Bloomington’s plan commission is scheduled to convene a regular monthly meeting on Monday, July 13.
The meeting agenda includes two residential projects—one on 3rd Street near the police station, and another at Johnson Creamery—which together could mean 179 additional bedrooms for Bloomington’s housing inventory.
Andrew Guenther won’t be helping to decide whether those projects are approved. That’s because the city of Bloomington has rejected Guenther’s claim to a plan commission seat, which is based on an attempted appointment by the Monroe County’s Republican Party chair, William Ellis.
Instead of Guenther, it will be Chris Cockerham serving in that seat on Monday. Cockerham is a Republican, who’s the choice of Bloomington’s mayor, Democrat John Hamilton. Cockerham has already served for one meeting as plan commissioner, on June 8, which is what prompted a lawsuit.
A court hearing is now set for Aug. 5. If any part of the hearing goes Guenther’s way, it might not be Cockerham who serves in the seat for the next while. Guenther and Ellis are asking the court to keep Cockerham on the sidelines of any plan commission meetings, until the matter is resolved.
The next plan commission meeting after Monday’s session falls on Aug. 10.
But if the judge rules for the city of Bloomington on its motion to dismiss the lawsuit, that could end local court action, leaving it up to Guenther to appeal.
Developments last week in the pending lawsuit included several filings: an amended complaint; Bloomington’s motion to dismiss the amended complaint; a motion for a preliminary injunction against holding plan commission meetings; and a motion by the city to convert an Aug. 5 hearing to one about dismissing the case, instead of about a preliminary injunction.
Guenther and Ellis’s amended complaint, filed early last week, made explicit a claim that had been only implicit in the initial filing—that the predecessor for the contested seat, Nick Kappas, was not a valid appointment. Kappas was appointed by Hamilton in 2016, but not reappointed at the start of 2020.
When Hamilton did not appoint anyone for over 90 days, Ellis announced he was making the appointment as GOP county chair.
In the amended complaint, Guenther and Ellis contend that Kappas’s appointment was not valid, because he lacked any party affiliation whatsoever, when he was required to have one under their reading of the state statute.
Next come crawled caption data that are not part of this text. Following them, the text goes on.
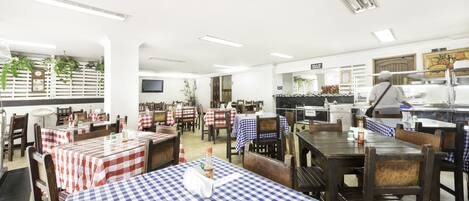 Un restaurante con manteles a cuadros, sillas de madera y una zona de cocina.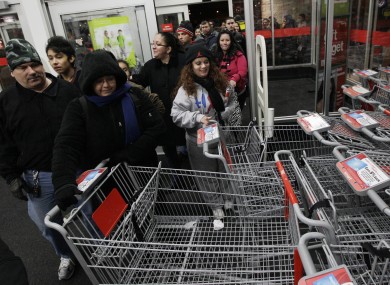 Shoppers rush into a K Mart in Chicago on Friday.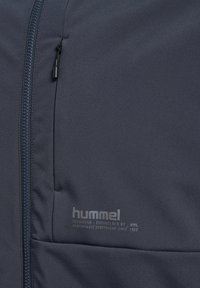 Marinblå zip-up jacka i slät tyg med en logotyp och text på vänster sida, som visar en minimalistisk design med praktiska inslag.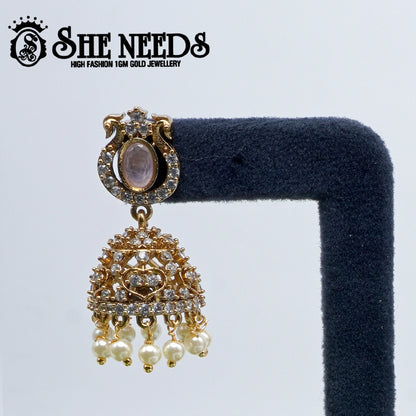 Oval stone temple jhumka earrings with pearl drops- sheneedsjewellery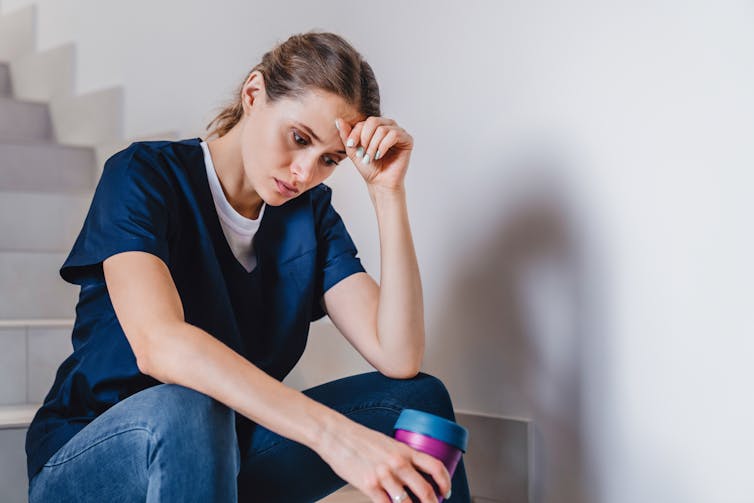 Tired female worker sits on stairs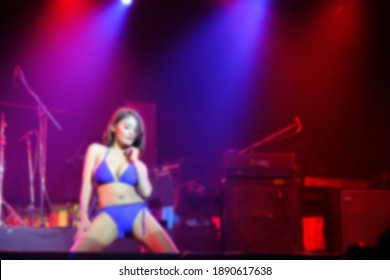 blurred Asian sexy woman show dancing on stage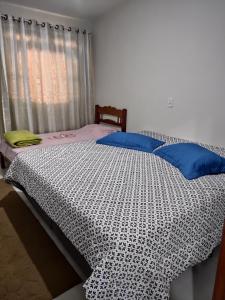a bed with a black and white comforter and a window at Sítio Paraíso Central - Casinha in Rodeio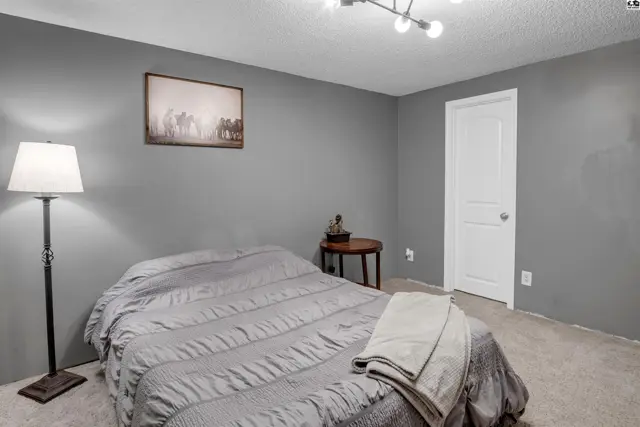 A bedroom with gray walls, a queen bed, and a modern light fixture.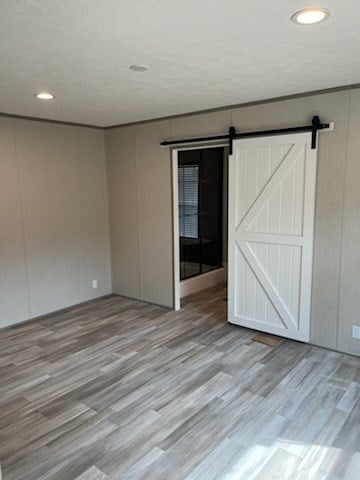 755 Orchard, Ellijay, GA 30540 - empty room with wood finished floors, recessed lighting, and a barn door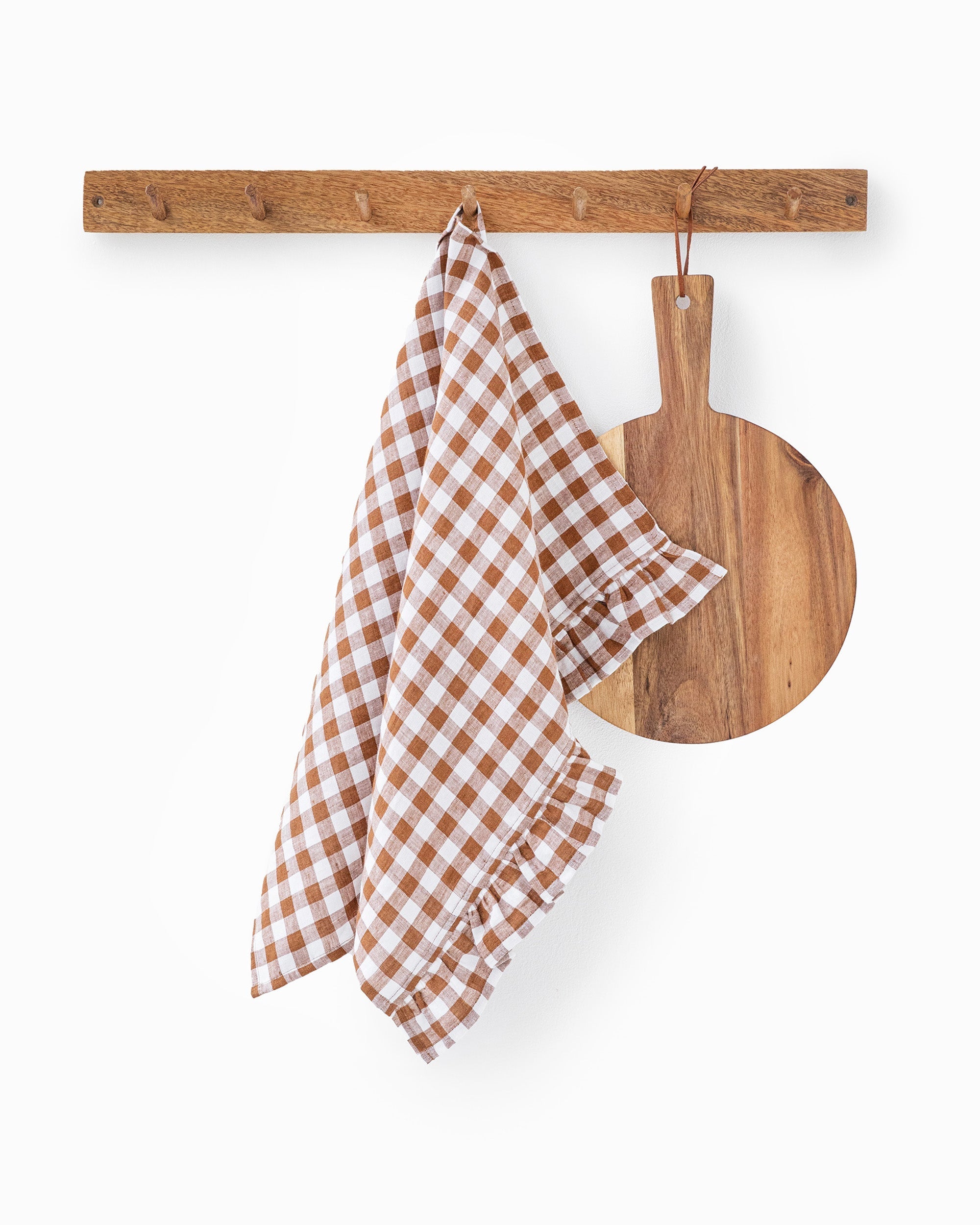 Ruffle trim linen tea towel in Cinnamon gingham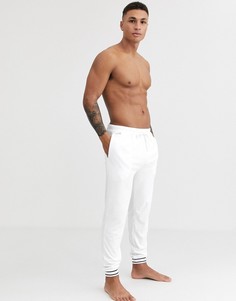 Белые джоггеры с логотипом и кромкой манжетом Lacoste Shower Terry 4 - Белый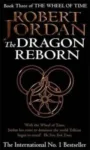 The Dragon Reborn paperback. Time Warner Books UK's 1992 edition. The cover has a bronze snake-wheel symbol on a black background.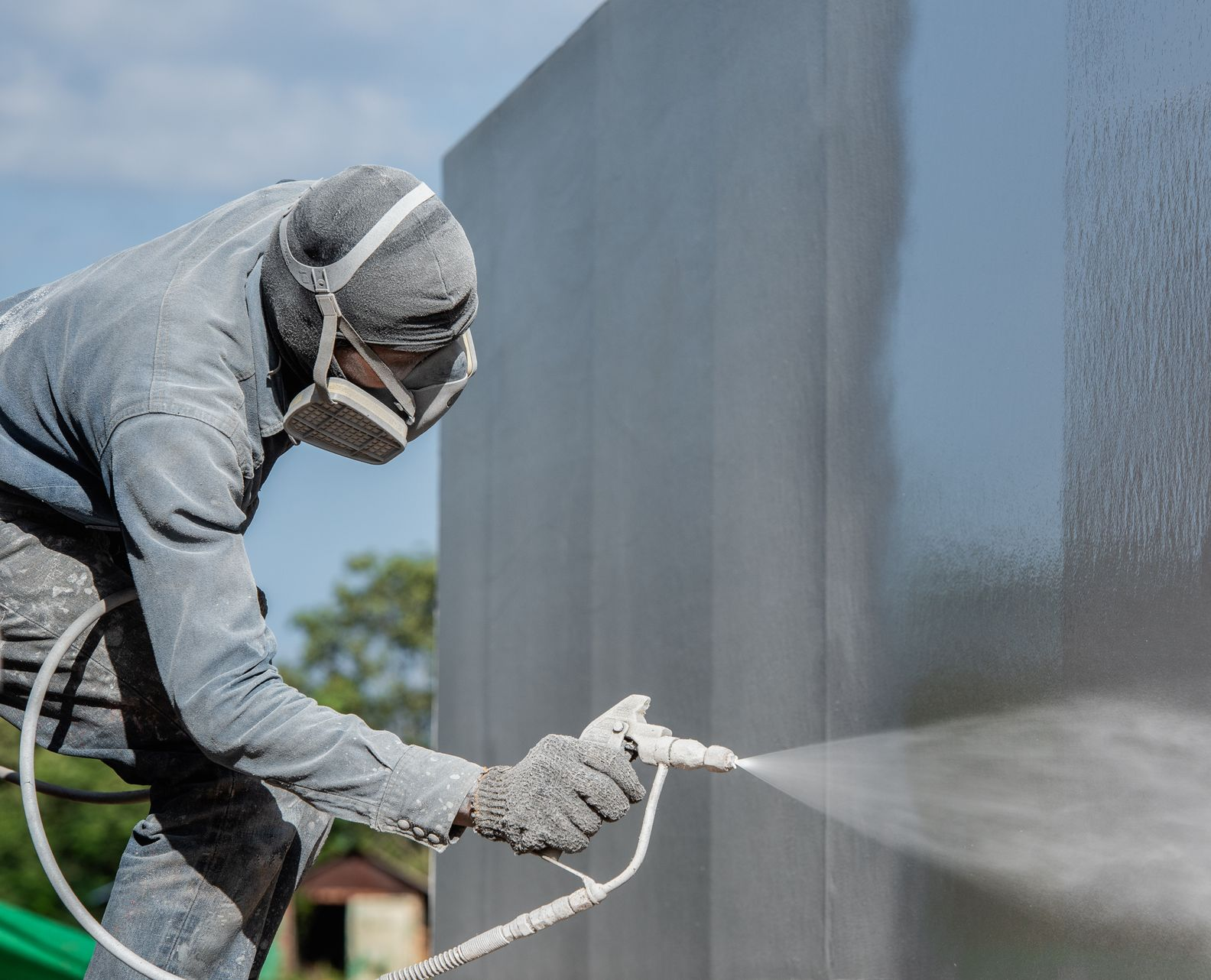 A person wearing a white cap and blue overalls uses a roller to paint a white section on a beige exterior wall.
In order to apply the statute on which Ellis relies for his authority to make an appointment, Ellis needs to be the “county chair of the political party of the member whose term has expired.” If Kappas’s appointment is considered not valid, then Ellis wants the judge to look to Kappas’s predecessor, who was Chris Smith, a Republican.
The city’s motion for a dismissal of the amended complaint includes arguments based on the legal standing of Guenther and Ellis to bring the lawsuit—they are the same kind of arguments the city made in its motion to dismiss the initial claim.
Based on Bloomington’s motion to dismiss, two key legal questions in the case appear to be: Is a plan commission appointee in Indiana required to have some kind of partisan affiliation? What is the correct legal remedy for a situation when the mayor does not replace an appointee who lacks a party affiliation?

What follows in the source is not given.